---------- Material shown ----------
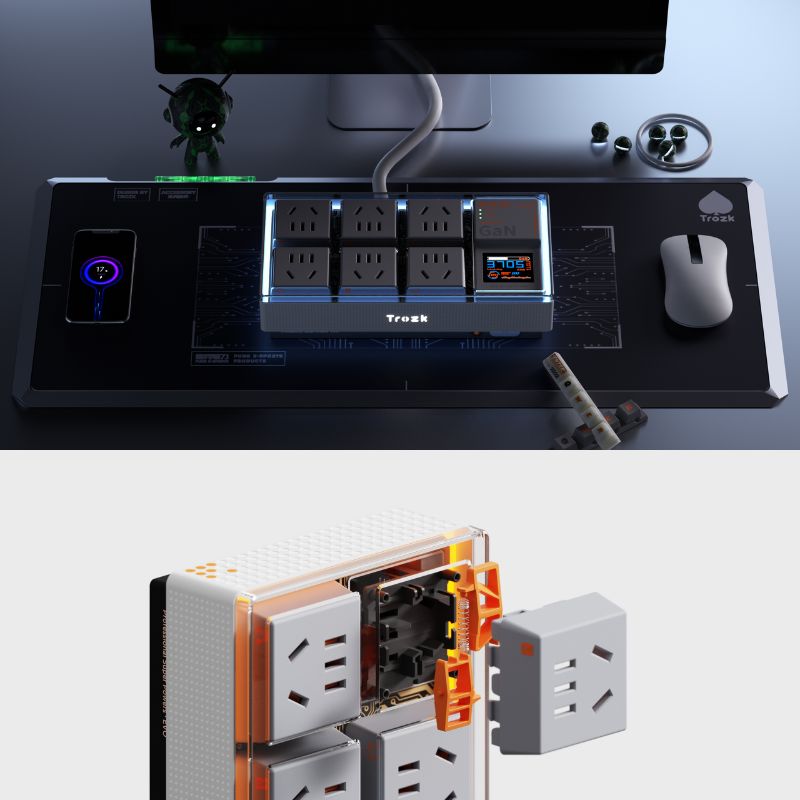 Cargue la imagen en el visor de la galería, Trozk 65W RGB Charging Station Power Strip Gaming Room
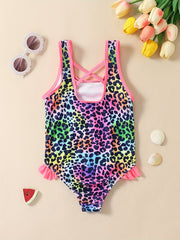 Girl's Polka Dot One Piece Swimsuit Halter Swimwear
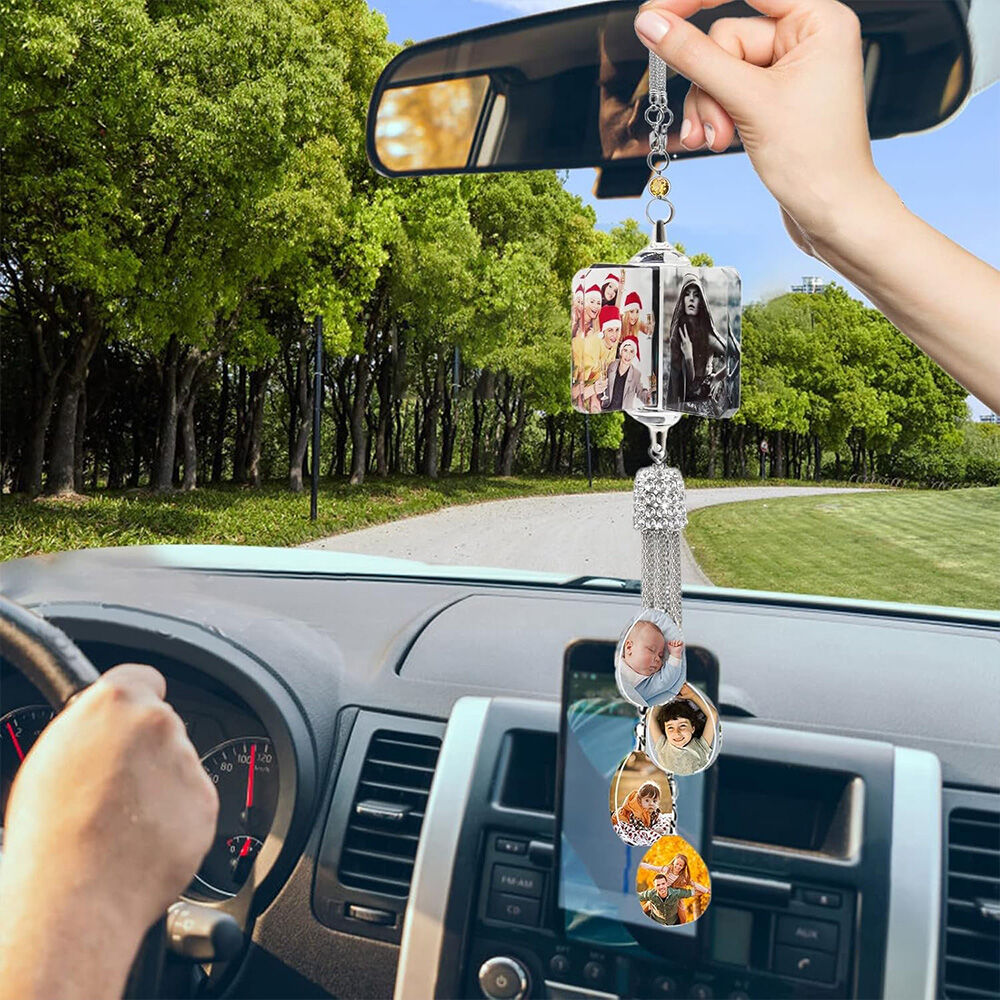 Personalized Photo Crystal Pendant Windmill Shape Lucky Stone Car Pendant for Loved One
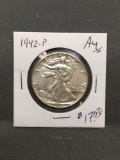 1942-P United States Walking Liberty Silver Half Dollar - 90% Silver Coin from ENORMOUS ESTATE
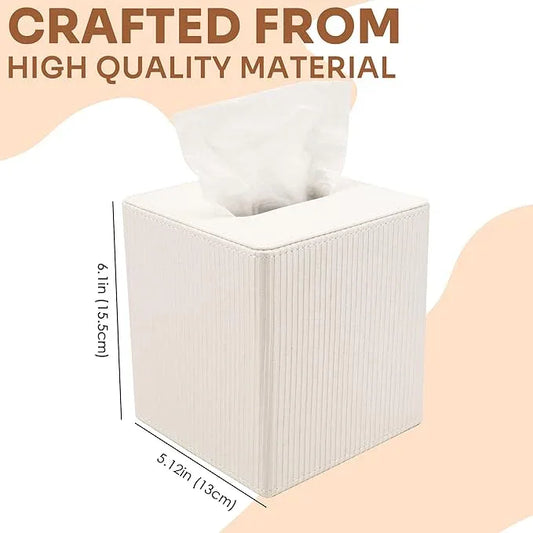 DODAMOUR Vertical Stripe Tissue Box Cover Cube – Ribbed PU Leather Square Holder, Magnetic Bottom Napkin Dispenser for Bathroom Vanity, Bedroom Nightstand (White) - ModernBath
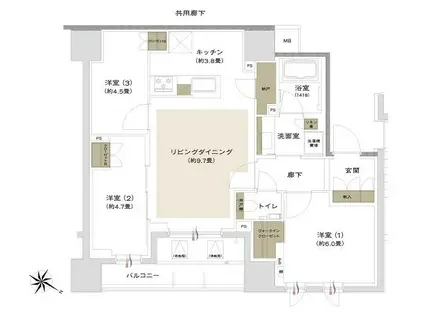 グローリオ文京東大前ヒルズ(3LDK/5階)の間取り写真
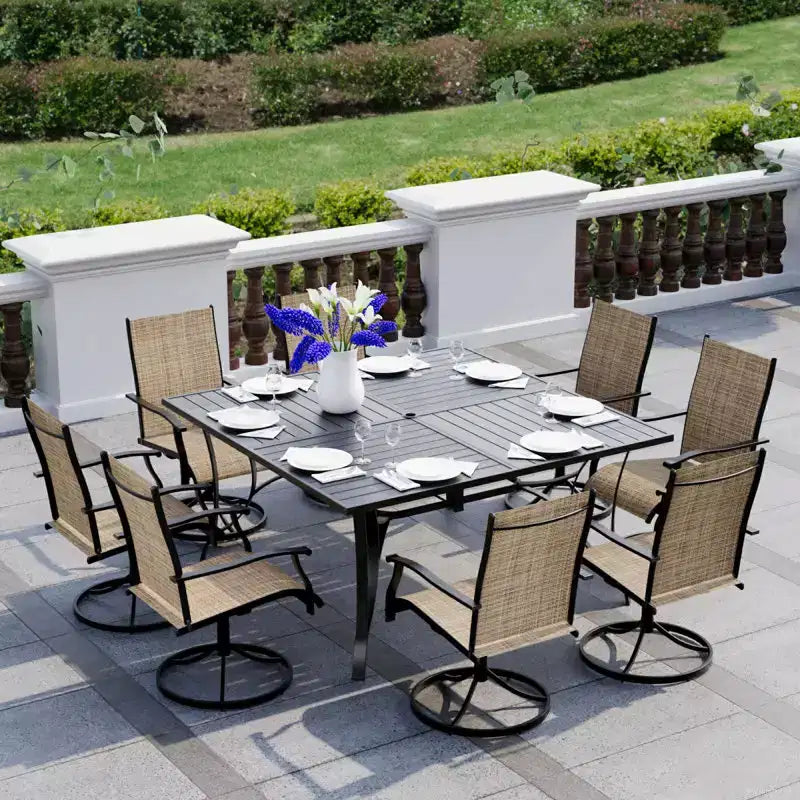 EROMMY 9 Piece Patio Dining Set, Outdoor Dining Table And Chairs Set For 8,Patio Furniture Set For Deck, Backyard, Lawn, Poolside, Brown/gray/blue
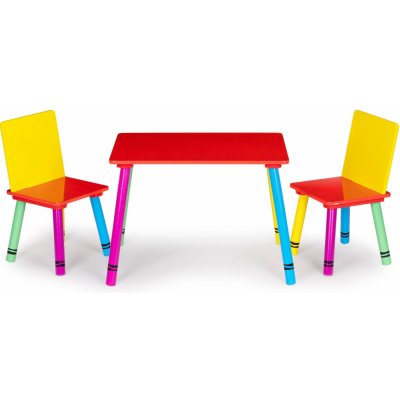 ECOTOYS Dětský dřevěný stůl se dvěma židličkami barevný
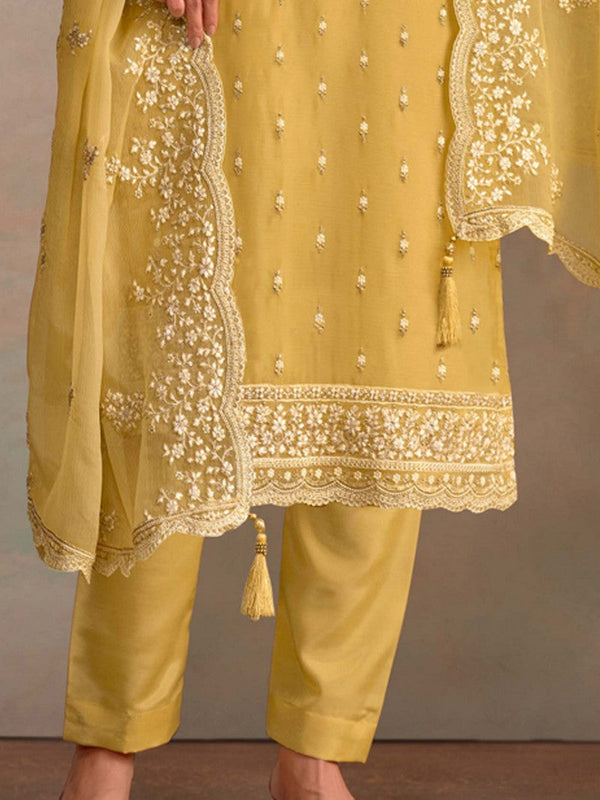 Tasteful Yellow Color Organza Fabric Designer Suit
----------
*Description of the task:* Looking at the listing above, which lines run from the one containing "Personalized Photo Crystal" through the one containing "グローリオ文京東大前ヒルズ(3LDK/5階)の間取り写真"? Print exactly those, ends included, pictures excluded.

*Solution to the problem:*
 Personalized Photo Crystal Pendant Windmill Shape Lucky Stone Car Pendant for Loved One
 1942-P United States Walking Liberty Silver Half Dollar - 90% Silver Coin from ENORMOUS ESTATE
 DODAMOUR Vertical Stripe Tissue Box Cover Cube – Ribbed PU Leather Square Holder, Magnetic Bottom Napkin Dispenser for Bathroom Vanity, Bedroom Nightstand (White) - ModernBath
 グローリオ文京東大前ヒルズ(3LDK/5階)の間取り写真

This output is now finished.